My phone vibrates. Dad’s calling, probably to scold me for being late. I press ignore and keep walking to Sergei’s, trying to fight a bad feeling. The 22 does run through downtown Somerville, but not before it’s looped north around the park. If she’s planning to show to dinner, it would be far quicker to walk.

But how could she miss her own birthday dinner?

Maybe her knees are acting up, or her back is bugging her today. Still, I unconsciously slow down, afraid that I’ll arrive and she won’t be there and then I’ll know: she isn’t coming.

It’s a quarter to eight by the time I get to Sergei’s, and my stomach turns over: both Mom’s and Dad’s cars are in the lot, parked next to each other, as if this is just another family dinner. As if I might walk in and get suctioned back in time, see Dad checking his teeth in the polished back of a knife while Mom scolds him, see Dara already flitting around the salad bar, concentrating, like an artist putting the finishing touches on a painting, and making sudden grabs for the croutons or the pickled green beans.

Instead I see Mom sitting alone at the table. Dad is standing in the corner, one hand on his hip, phone plastered to his ear. As I watch, he hangs up, frowning slightly, and dials again.

Dara’s not here.

For a second, I feel nauseous. Then the anger comes rushing back.
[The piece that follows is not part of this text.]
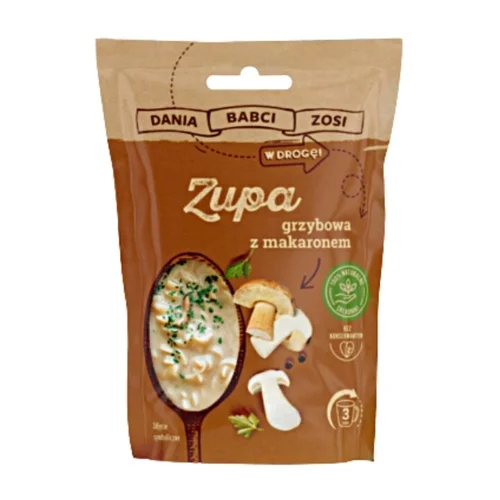 Zupa grzybowa z makaronem instant 100% naturalny skład, 280 ml, Dania Babci Zosi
I weave around the salad bar and push through the usual crowd—kids pegging one another with crayons, parents slugging back mug-size glasses of wine. As I approach the table, Dad turns and gestures helplessly to Mom.

“I can’t reach them,” he says. “I can’t reach either of them.” But just then he spots me. “There you are,” he says, presenting his cheek, which feels rough and stinks of aftershave. “I’ve been calling.”

“Sorry.” I sit down in the seat across from Mom, next to the empty seat intended for Dara. Better to spit it out. “Dara’s not coming.”

Mom stares at me. “What?”

I take a deep breath. “Dara’s not coming,” I say. “We don’t need to save her a seat.”

Mom’s still looking at me as if I’ve just sprouted a second head. “What are you—?”

“Yoo-hoo! Nick! Sharon! Kevin! Incoming. Excuse me.”

I look up and see Aunt Jackie moving toward us, deftly navigating the pattern of tables, clutching an enormous, multicolored leather bag to her chest, as though to prevent it from rocketing off on its own and taking out water glasses. As always, she’s wearing multiple colored strands of big jewelry (powerful crystals, she corrected me severely, when I once asked her why she wore so many rocks), so that she looks a little like a human version of a Christmas tree. Her hair is long and loose, swinging halfway to her butt.